Preet Bharara:              Oh, you’d be very proud of that.

Cyrus Vance Jr.:            Yeah. Our larceny numbers in Manhattan have historically always been through the roof and those numbers have come down because of bail reform or because of our decisions. Those individuals are not being held in on bail. But to take the question further, one of the things that will be different and will be a lasting change from this epidemic in terms of our office and Rikers Island is the practice that we should understand for every person in Rikers Island, why are they there and be able to respond to whether it is a court’s question or if appropriate, a journalist question, or be publicly accountable to the decision making that we’ve made to keep someone incarcerated.

I think that will continue past the epidemic, and I think that’s a good thing. And I think we ought to be able for any individual who is in Rikers Island to be able to pull a file and say, “Okay, I see.” Or, I see. Now, this isn’t quite, let’s make a change here.”

Preet Bharara:              And do you believe Rikers Island should be closed?

Cyrus Vance Jr.:            I have expressed my view that Rikers Island should be closed. I think Rikers Island partly it’s like Alcatraz, it’s got a history that needs us to move past it and all it represents. I think there are ways in which burrow-based jail cells, assuming they can be built and they can be built in time and with the money that’s available to present a more modern and a more welcoming for lack of a better word, but a prison facility that is not just cold, concrete and steel. That’s where we should be headed. Whether the money still exists to do this is a decision that’s over my head.

Preet Bharara:              Can I ask you about some of the things that you’re doing and other prosecutors are doing to stop prosecuting certain types of crime, like fare evasion, and other things, is that a sign that the doctrine or theory of broken windows policing is a dead letter, and should it be?

Cyrus Vance Jr.:            No. I’m just hesitating because I’m not reviewing any of these decisions with regard to the doctrine of broken windows policing. I think broken windows policing, and I’m not an expert, but that term was coined and it was applied at a different time in our city. It was that time that we talked about at the very beginning of this interview where crime was out of control and we are in a different time. And we were in a different time in 2019, which is why we reduced our population of folks we brought into the courtroom by 45%, and crime continued to decline.

So there’s a greater awareness I think of options to traditional prosecution that ends up actually, enabling the city to continue to enhance safety. And that’s why I think broken windows, I get it, but we have been reducing our prosecution of these low level offenses and crime continue to decline in Manhattan, and I think in the city broadly.

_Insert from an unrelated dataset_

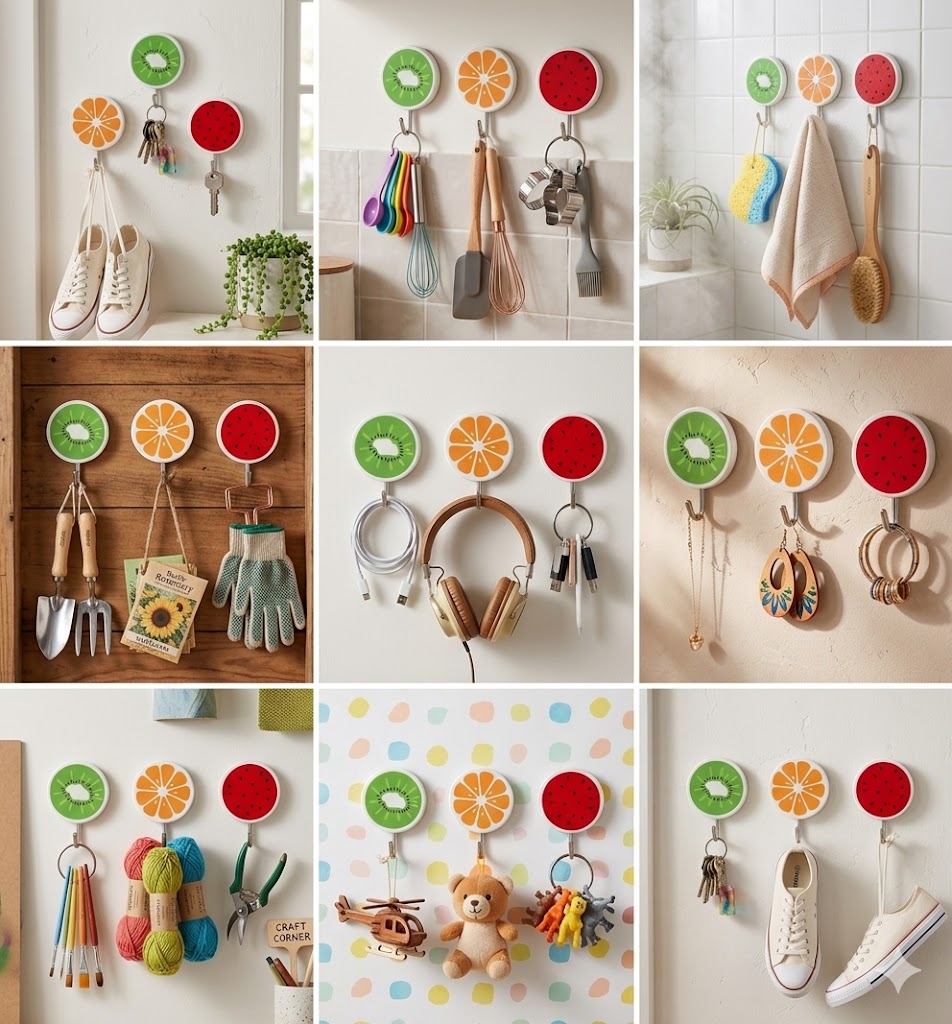 4Pcs Strong Sticky Wall Hooks For Home Organization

Preet Bharara:              On fare evasion, I heard Commissioner Brighton with whom I worked also and consider him a friend, speak a lot about how that was really important thing to prosecute because from time to time, you would get somebody who maybe was wanted in a warrant in a more serious crime. And he said a few years ago, quote, “The New York miracle, if you will, began with fare evasion. Fare evasion enforcement on the subway 25 years ago.” End quote. So that’s something from the past. When you made the decision not to prosecute those cases anymore, did you get any angry calls from current or former NYPD folks?

Cyrus Vance Jr.:            I did speak with Bill Bratton, who was both a friend and someone I admire a great deal, and I know how he feels about it. I think Jimmy O’Neill, the commissioner after him had some of the same concerns, but at the end of the day, Preet, I’ve got a different job than the police. I have an office with budget, with resources, and when I have to spend $2,000 to prosecute $2.50 theft, when we spend through court time, attorney time, court officer, time, defense lawyer time, and nothing happens to those cases if they’re prosecuted. Prosecuting someone for theft of services results in one result, a sentence of time served if they plead guilty.

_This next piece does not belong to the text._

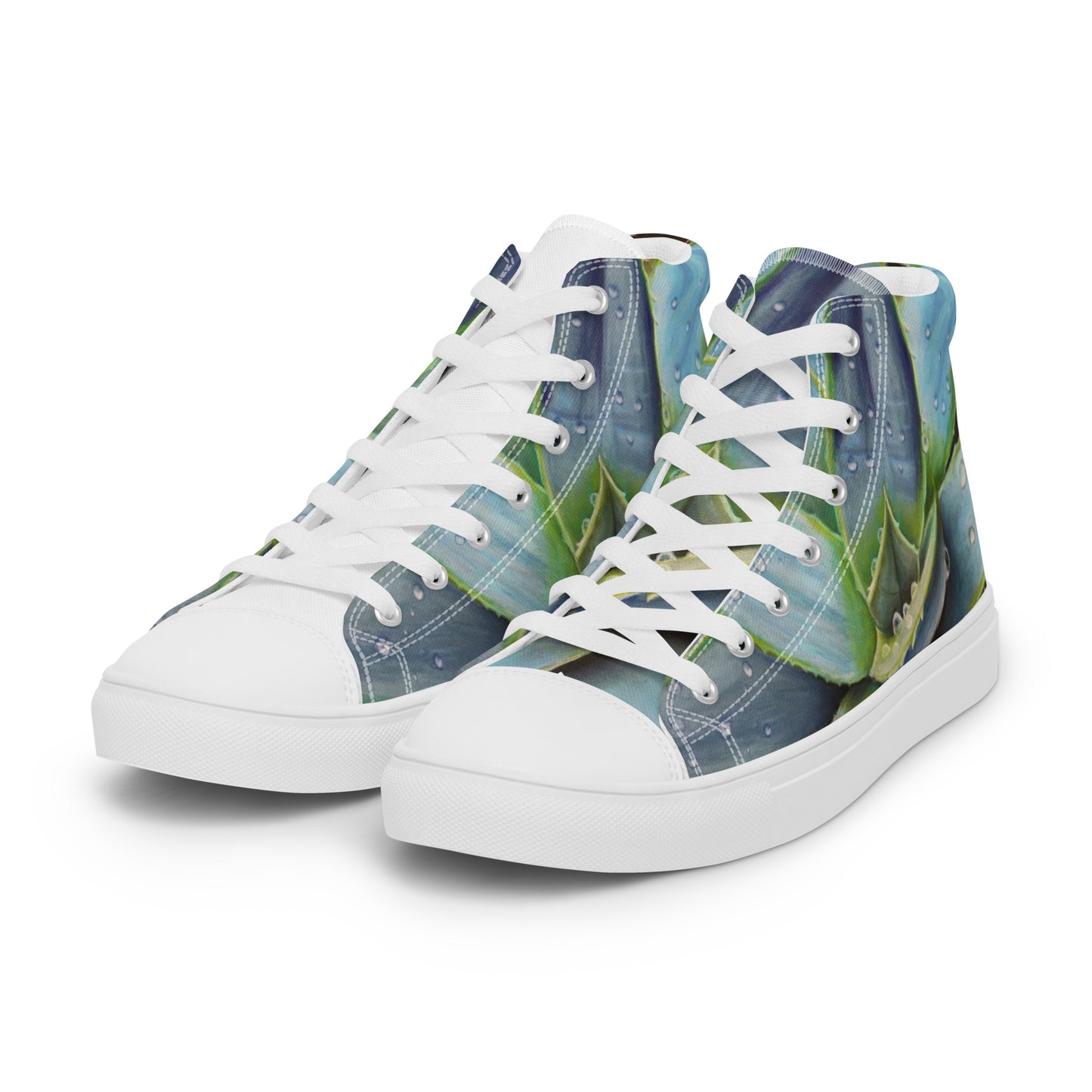 Women's Lace-Up Canvas Shoes - Desert Jewel , Vibrant Agave Plant with Dew Drops by Cathy Dement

So it’s an enormous devotion of time and effort to cases that are not providing any, either intervention or punishment. And at the time that this controversy was being discussed in 2019, transit crime continued to be low and with something like seven felony robberies committed in a day on a city, how many people were in the subway system a day, three million?

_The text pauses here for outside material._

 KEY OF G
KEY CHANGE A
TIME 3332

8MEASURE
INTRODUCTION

Preet Bharara:              Well, not anymore. Now, it’s probably gone down a lot.

Cyrus Vance Jr.:            Yeah.

Preet Bharara:              Are there any other types of prosecutions? What’s your view of criminalizing possession of certain kinds of knives?

Cyrus Vance Jr.:            Well, my view was, and we in fact achieved a settlement early on in my years as DA with regard to gravity knives, our position, the police department position, frankly, the governor’s position until last year, was that gravity knives, which are knives that are designed to flick open using gravity and flick at the wrist, present the same kind of risks as does a switchblade or stiletto. Ultimately, the legislature decided that they wanted to decriminalize possession of those knives and that is their prerogative, and they were clear about a change they wanted.

Preet Bharara:              We’ve gone very, very long into an interview and I have yet to ask you about that thing that a lot of people will want me to ask you about. And by that thing, I mean that person, also known as the president of the United States, Donald Trump. Mr. District attorney Cyrus Vance, what are you doing involved in an investigation of the president? His lawyers say you have no business even engaging in thinking about an investigation, much less trying to get documents or bringing a charge against the president. What are you doing?

Cyrus Vance Jr.:            Well, Preet, I’m going to have to dimmer on everything, but the most general comments.

Preet Bharara:              I know, because there’s a Supreme Court case pending, but can you just in a minute, describe what it is that your office is seeking?

Cyrus Vance Jr.:            Sure. Look, the Manhattan District Attorney’s office has jurisdiction and the history of successful investigation in crimes that go far beyond what, if there’s a word typical prosecutor’s office handles because we are in Manhattan, which is the entertainment center of America, if not the world, the business center. And so if there is an investigation that needs to be done of businesses and individuals in the event that there may be questions about conduct of those individuals and businesses in Manhattan, that is something which our office has historically, and I think should continue even if the Federal Government is unwilling or cannot for whatever reason conduct those investigator.

Preet Bharara:              Right. I don’t think we’re getting into anything that’s inappropriate given that the case is pending, but essentially, what’s in controversy is that your office is seeking financial documents and tax records relating to the president and his associates from a third party accounting firm. Is that right?

Cyrus Vance Jr.:            Right.

Preet Bharara:              And Carey Dunne of your office argued in the Supreme Court, by the way, everyone says he did a very nice job where you, can you answer this question? Were you proud of him?

Cyrus Vance Jr.:            Carey is one of the smartest and most talented lawyers that I know, and so I think he acquitted himself very well in that argument.

Preet Bharara:              But you’re not going to handicap it in any way?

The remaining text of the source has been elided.